Die Blicke der anderen folgten seinem Arm.
"Ein Schiff...", murmelte Kryll.
"Seht Euch das Wappen am Segel genau an", meinte Olkyr.
Kryll kniff die die Augen zusammen.
"Ein Drachen!"
Olkyr nickte.
"Ja, ganz recht! Ein siebenköpfiger Drachen!"
Die Männer waren einen Moment lang wie erstarrt.
Der siebenköpfige Drachen war das Symbol der Koroi, einem seefahrenden Volk, über das nicht viel bekannt war.
Nur eins ließ sich mit Sicherheit sagen: dass es sich um ein uraltes, nichtmenschliches Volk handelte.
Vor Äonen, als die Erde noch nicht von Menschen besiedelt gewesen war, hatten die Koroi mächtige Reiche besessen, aber davon waren nur noch vereinzelte Ruinen zu finden.
Es gab Stimmen, die behaupteten, dass die Koroi die Insel Dalara und Teile des Eislandes im Süden bewohnten. Aber das wusste niemand genau.
Die Letzten der Koroi waren zu Piraten geworden, die die See blutig färbten und überall gefürchtet waren...
"Verfluchte Koroi", murmelte Norjan furchterfüllt und wandte sich an Kryll. "Wir müssen etwas tun!"

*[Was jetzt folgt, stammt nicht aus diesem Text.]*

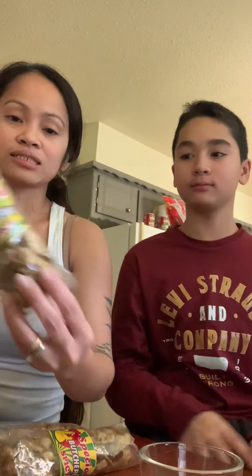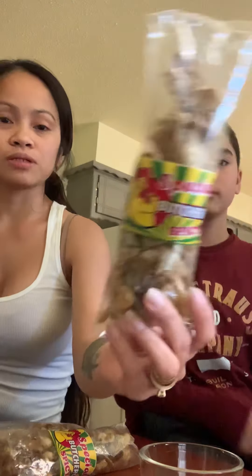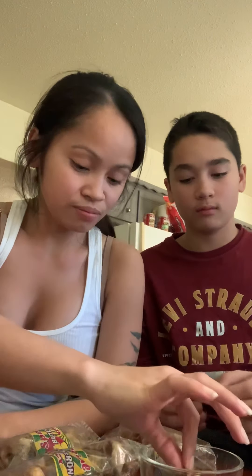So we were eating this — a girlfriend from my work, she's Filipina, and she just came back from the Philippines and she gave me this today. It's chicken guts. Bocherone.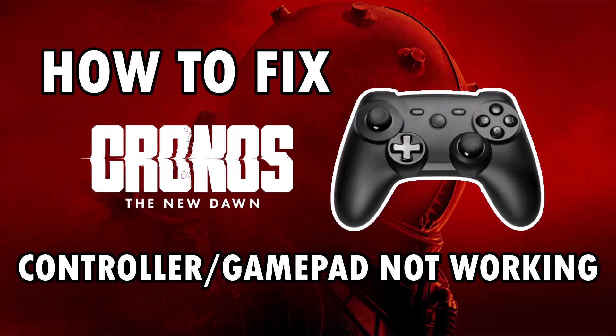Hey friends, welcome back to my YouTube channel. In this video tutorial, you will learn how to fix controller or gamepad not working in the Chronos: The New Dawn game. Without wasting any time, let's jump to the fixes.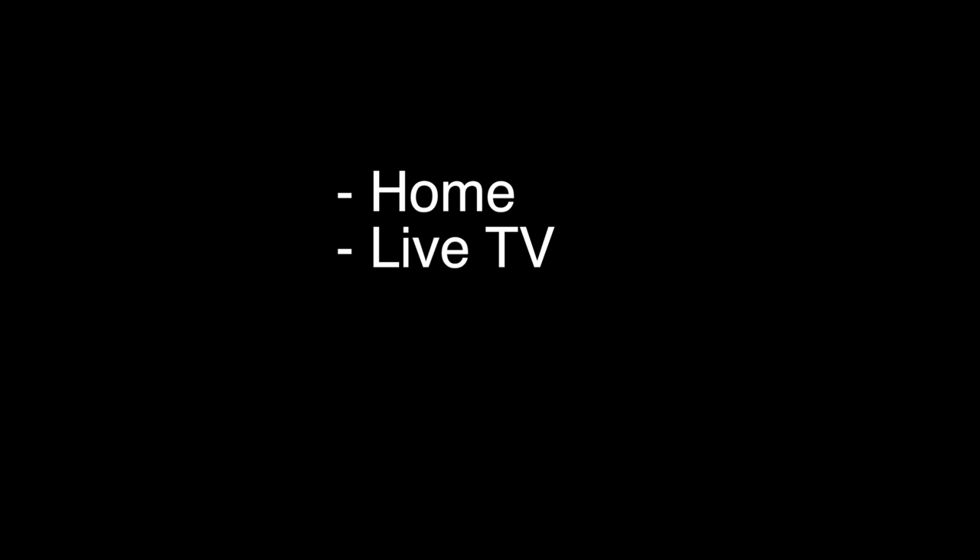Here's the critical part — very simple. For most Hitachi TVs, including the Roku TV, you want to go to Home and then Live TV, and just follow the directions there to set up your channels. One quick note: if there's no Live TV choice there, go to Settings, then TV Inputs, then Live TV, and then Set Up Input.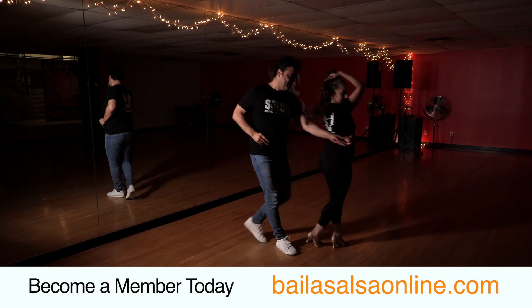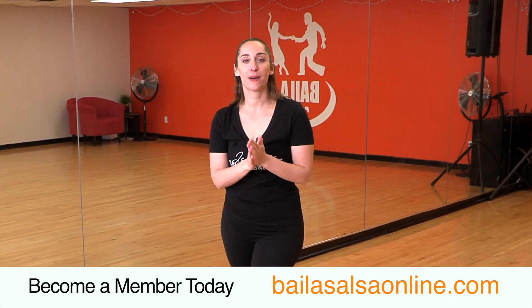In the class, whenever you are dancing with your partner. So join me at Baylasalsaonline.com, see you soon!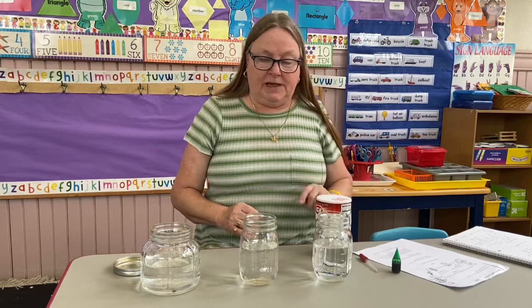Hi, boys and girls. Now I have something else that I would love for you to do, but you have to ask your parents if you can use these things, okay? And they might need to help you a little bit. It's an experiment about salt water and fresh water, and I'll explain that in a minute.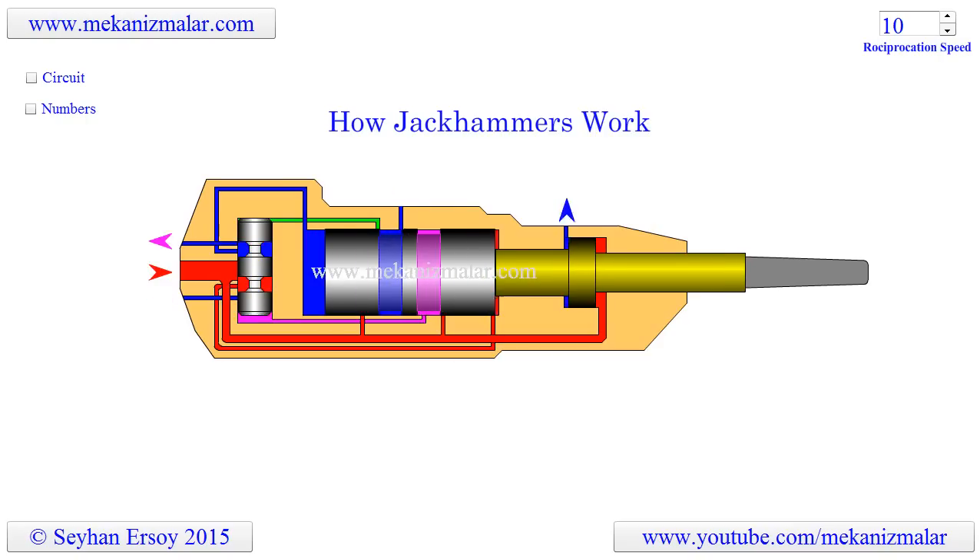Welcome to the video tutorial of Mechanisms by Mekonismuller. Recently one of my YouTube followers asked me to make an animation of a jackhammer. I found out that Charles Brady King's 1892 patent is the basis of the jackhammers we know today. Here is the animation of King's jackhammer. It is an air-operated pneumatic device and it works on nothing but air — a very clever and ingenious device.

Die GEEDRA glitt schnell über die See, aber das Koroi-Schiff folgte ihr. Es holte beständig auf und die Männer der GEEDRA blickten immer öfter mit Besorgnis zum Horizont.
Krylls Hand legte sich um den Schwertgriff.

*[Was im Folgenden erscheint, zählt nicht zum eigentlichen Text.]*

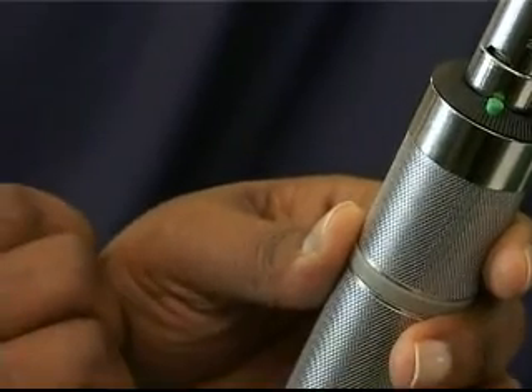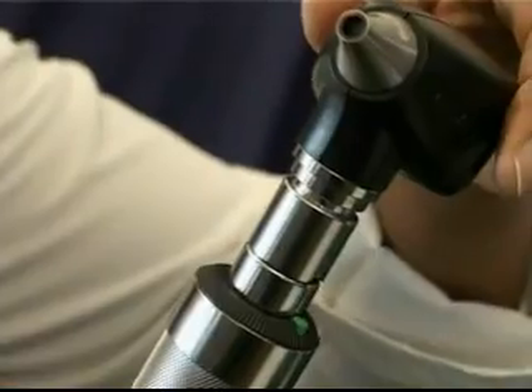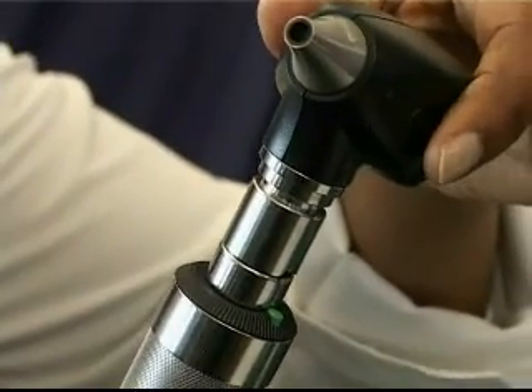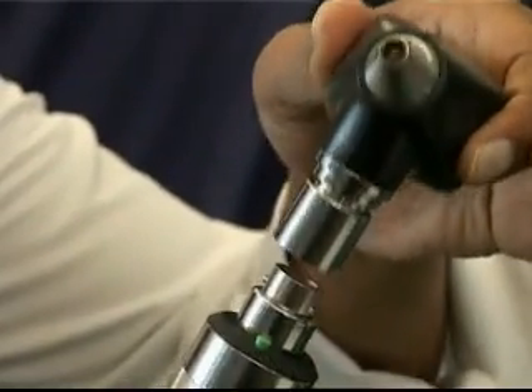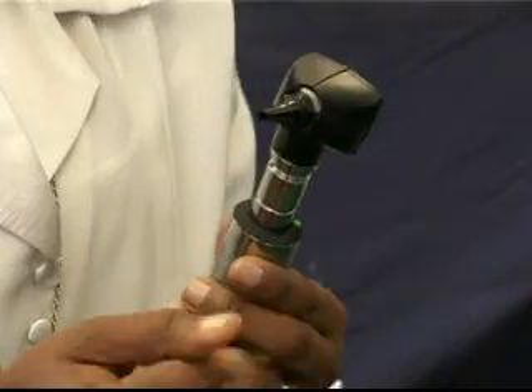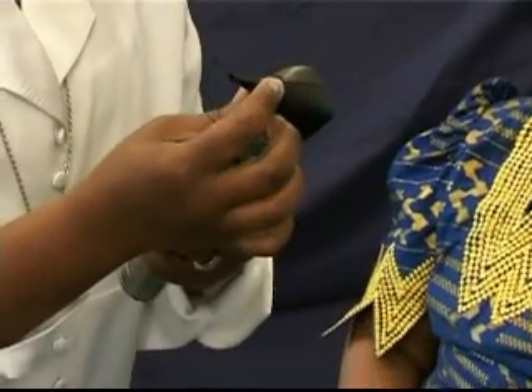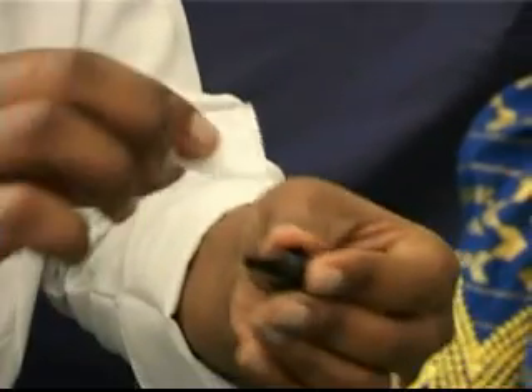Switch the power handle off by rotating the rheostat towards you. Remove the otoscope head from the power handle with a downward push and gentle twist to the left. On completion of the examination, the speculum should be removed from the otoscope head and any serum removed with a tissue or cotton bud.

Er hatte nicht die Absicht, einen Haufen dahergelaufener Koroi-Piraten zwischen sich und sein hochgestecktes Ziel treten zu lassen!
Er hatte den Ring von Kuldan und mit dem Ring würde er die Koroi besiegen können! Dieser Gedanke jagte wie ein greller Blitz durch seinen Kopf. Kryll betrachtete das funkelnde Etwas an seiner Hand.
Immer näher kam das Schiff der Koroi.
Kryll sah bleiche, vierarmige Gestalten.
Die Köpfe wurden gekennzeichnet von jeweils drei roten Augen.
Unterdessen war das Koroi-Schiff schon gefährlich nahe herangekommen. Es konnte kaum noch einen Zweifel daran geben, dass die GEEDRA geentert werden sollte.
Ring, warum tust du nichts?, fragten Krylls Gedanken, aber der Ring von Kuldan zeigte nicht die geringste Reaktion.
Die Koroi schwenkten ihre Schwerter und riefen den Männern der GEEDRA ihre Schlachtrufe in einer längst vergessenen Sprache zu.
Plötzlich fühlte Kryll, wie der Ring an seiner Hand zu pulsieren begann. Eine seltsame Kraft strömte von ihm aus und durchflutete seinen gesamten Körper.
"Was soll geschehen?", schien der Ring zu wispern.
Kryll starrte den Ring wie gebannt an.
"Was kannst du tun?", fragte Kryll zurück.
"Ich kann Illusionen erschaffen. Tödliche Illusionen, die in gewisser Hinsicht ebenso real wie Wirklichkeit sind. Wer sie nicht als Trugbilder erkennt, stirbt an ihnen!"
"Dann hetze deine Trugbilder auf die Koroi!"
Krylls Worte waren ein Befehl.
Und der Ring gehorchte.
Das Wasser spritzte plötzlich zu hohen, merkwürdig gestalteten Wellen auf - Wellen, die kein Wind der Welt je so hätte auftürmen können!
Aus den Wellen formten sich innerhalb weniger Augenblicke Gestalten, die entfernt an menschliche Körper erinnerten. Wie gläserne Dämonen sahen sie aus. In ihren Händen hielten sie durchsichtige Schwerter, die Sonnenlicht brachen.